Mykola and Maria Dyuk
Hillel and Clara Safran lived in Złoczów, Poland (now Zolochiv, Ukraine) with their son Roald. In July 1941, when Roald was four years old, the German army conquered Zlochow. Soon afterwards, Roald’s grandfather and some other relatives were murdered by the Einsatzgruppen – the shooting squads that were implementing the final solution in the territories conquered from the Soviet Union. At the beginning of 1942 the Safran family and other relatives were taken to a forced labor camp. The family father, Hillel Safran, was an engineer, and together with the other slave laborers had to build roads for the German army.
In January 1943, the Safrans arranged for their family to escape and go into hiding with Mykola Dyuk and his wife Maria. Dyuk was a teacher and the Principal of the school in Uniow (now Univ), and lived in the schoolhouse, which was the only brick building in the small village. It housed the one classroom and the teacher’s living quarters. It was in this building that the village teacher hid the Jewish family. In the same small village, in a Greek Catholic monastery, the monks, headed by Klement Sheptytskyi (another person recognized as Righteous among the Nations) was hidden Adam Daniel Rotfeld, a future Foreign Minister of Poland, and several other Jewish children.
Hillel Safran stayed behind in the camp. In June 1943, six months after his family had left, the Germans executed him. He had been the organizer of an attempt to break out of the camp – an attempt that was betrayed and led to the murder of its organizer.
Clara Safran, her son Roald, her brother Samuel Rosen and his wife Josefina found shelter with the Dyuks. Later they were joined by another uncle – Friedrich Rosen.
At first Dyuk hid the family in the attic. It had a window, from which Roald would watch the children play. Standing at the window he could only watch them secretly, but never join their games. He later described the experience in a poem entitled Fields of Vision. Confined to the narrow space, Roald would also pass the time by playing games with his mother. Hidden in the attic in the small village, they would imagine travelling from Uniow to San Francisco. “To get from Uniow to San Francisco,/ this is what you do, mammi; first/ you walk out to the road that ends/ near the church, you wait a while/ for a peasant to give you a ride/ for a few kopeks, to the main road/ the one where you said father/ built the bridges. There you wait/ for the bus. In Zloczow you catch/ a train….” [. Games in the Attic, 1943]. At that time they didn’t know that they would one day be free and that they would eventually make the trip to America where they would begin a new life.
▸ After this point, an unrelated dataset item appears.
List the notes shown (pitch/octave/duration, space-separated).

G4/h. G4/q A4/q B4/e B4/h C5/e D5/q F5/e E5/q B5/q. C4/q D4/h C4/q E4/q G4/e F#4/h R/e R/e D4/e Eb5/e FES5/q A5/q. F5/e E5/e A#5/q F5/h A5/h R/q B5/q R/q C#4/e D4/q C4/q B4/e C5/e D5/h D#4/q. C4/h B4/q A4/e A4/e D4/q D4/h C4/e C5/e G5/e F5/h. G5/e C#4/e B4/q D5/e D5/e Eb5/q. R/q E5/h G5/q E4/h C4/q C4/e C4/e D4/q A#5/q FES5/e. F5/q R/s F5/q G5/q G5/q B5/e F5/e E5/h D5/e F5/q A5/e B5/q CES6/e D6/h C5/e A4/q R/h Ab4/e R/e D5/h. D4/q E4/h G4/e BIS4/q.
The attic roof had cracks and the place was exposed to the weather. The hiding family was therefore moved to a windowless storage room. Thus Roald was deprived of the views of the village.
They remained in hiding for 15 months – from January 1943 until June 1944. No one in the village knew about their existence. It was not only the Jews who were in danger of death. The Dyuk family too lived in great fear of the Germans or of being denounced by their neighbors. They had three little children, and by hiding Jews in their schoolhouse, Mykola and Maria Dyuk exposed the entire family to great danger. After the war Clara Safran-Hoffmann related how Maria Dyuk was at first opposed to sheltering the Jewish family. Faced with the possible consequences to those who were hiding Jews, she was afraid for her family. But Mykola convinced her to go along, and she cared for the Jews and prepared their food.
After the war, still in Poland, Clara Safran remarried another Holocaust survivor, Naftali Margulies, who later changed his name to Hoffmann, Roald adopted his step-father’s name. In 1949 the family emigrated to the USA. Roald became a renowned chemist, winning many awards and in 1981 received the Nobel Prize. He is also a writer who has published four volumes of poetry.
Contact with the Dyuk family was maintained over the years. The Dyuks once sent to the Hoffmann family a linen shirt embroidered in traditional Ukrainian manner by Maria Dyuk with thread that the Hoffmanns had sent over in a package from America.
Grappling with the past and remembering her murdered family was very painful for Clara Hoffmann and she never wrote her story. It was only her son, Roald, and his sister Elinor, who in 2007 turned to Yad Vashem and asked to recognize the rescuers as Righteous Among the Nations.
On 23 September 2007, the commission for the Designation of the Righteous conferred upon Mykola and Maria Dyuk the title of Righteous Among the Nations. Israeli ambassador in Kiev, Zina Kleitman, presented the medal and certificate to the Dyuks’ son at an official ceremony.